What is being asked
Once the line with "Carte Arc brisé à Arches National Park" is found in the entries below, print it and each following line exactly, stopping after the line with "2003-2005 Mitsubishi Lancer"; print nothing else.

Listed entries
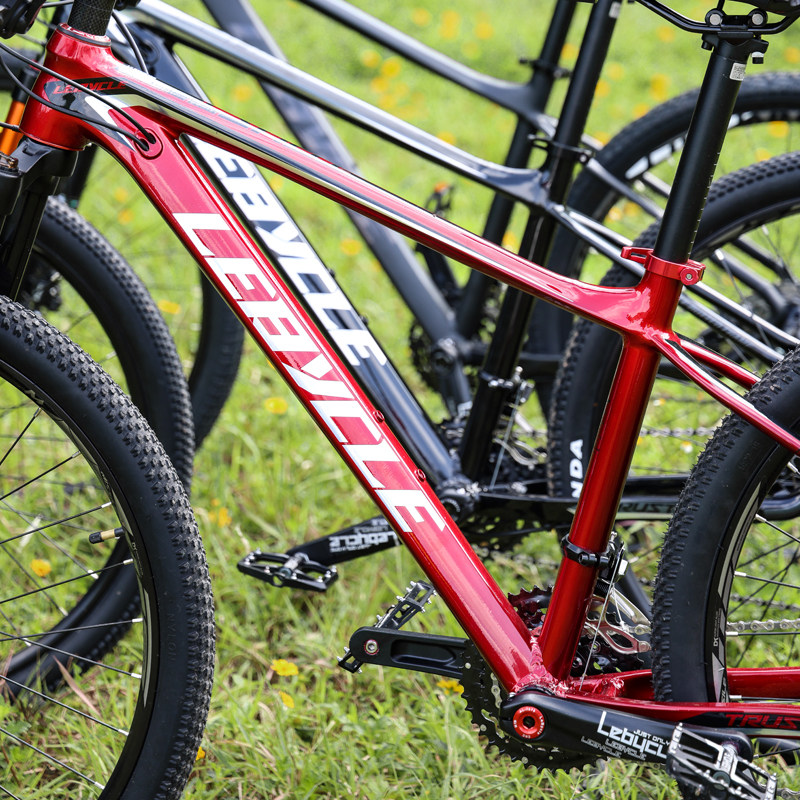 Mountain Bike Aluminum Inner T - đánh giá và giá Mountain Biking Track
==
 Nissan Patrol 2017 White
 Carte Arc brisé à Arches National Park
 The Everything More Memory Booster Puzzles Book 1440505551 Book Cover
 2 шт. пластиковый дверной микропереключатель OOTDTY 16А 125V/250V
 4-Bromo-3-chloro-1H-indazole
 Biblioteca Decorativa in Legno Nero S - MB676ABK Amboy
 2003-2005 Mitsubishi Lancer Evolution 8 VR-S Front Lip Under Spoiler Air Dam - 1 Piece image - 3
==
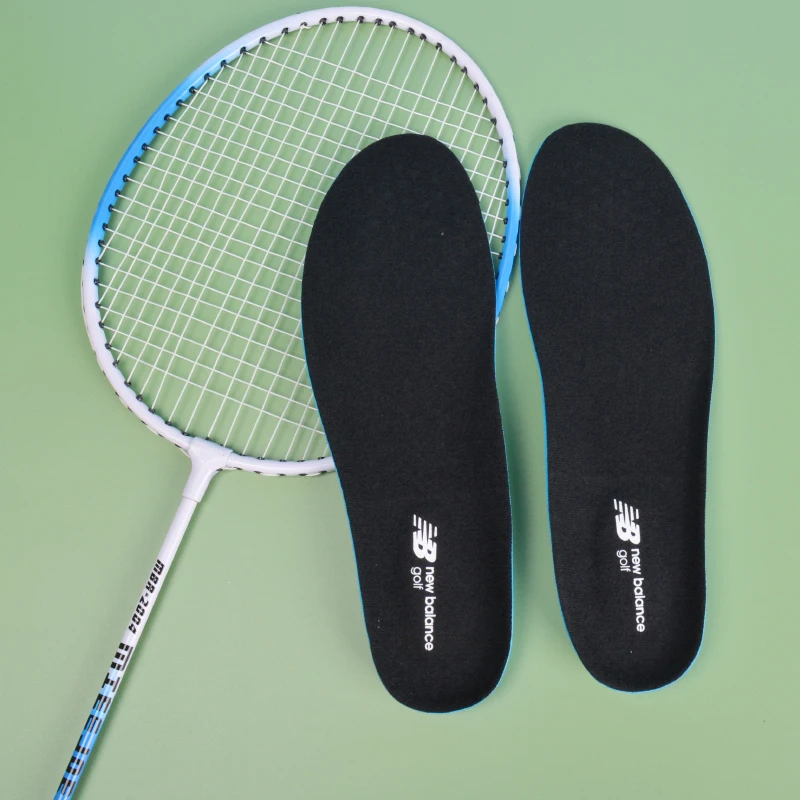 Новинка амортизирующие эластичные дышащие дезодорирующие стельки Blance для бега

Answer for this exercise
 Carte Arc brisé à Arches National Park
 The Everything More Memory Booster Puzzles Book 1440505551 Book Cover
 2 шт. пластиковый дверной микропереключатель OOTDTY 16А 125V/250V
 4-Bromo-3-chloro-1H-indazole
 Biblioteca Decorativa in Legno Nero S - MB676ABK Amboy
 2003-2005 Mitsubishi Lancer Evolution 8 VR-S Front Lip Under Spoiler Air Dam - 1 Piece image - 3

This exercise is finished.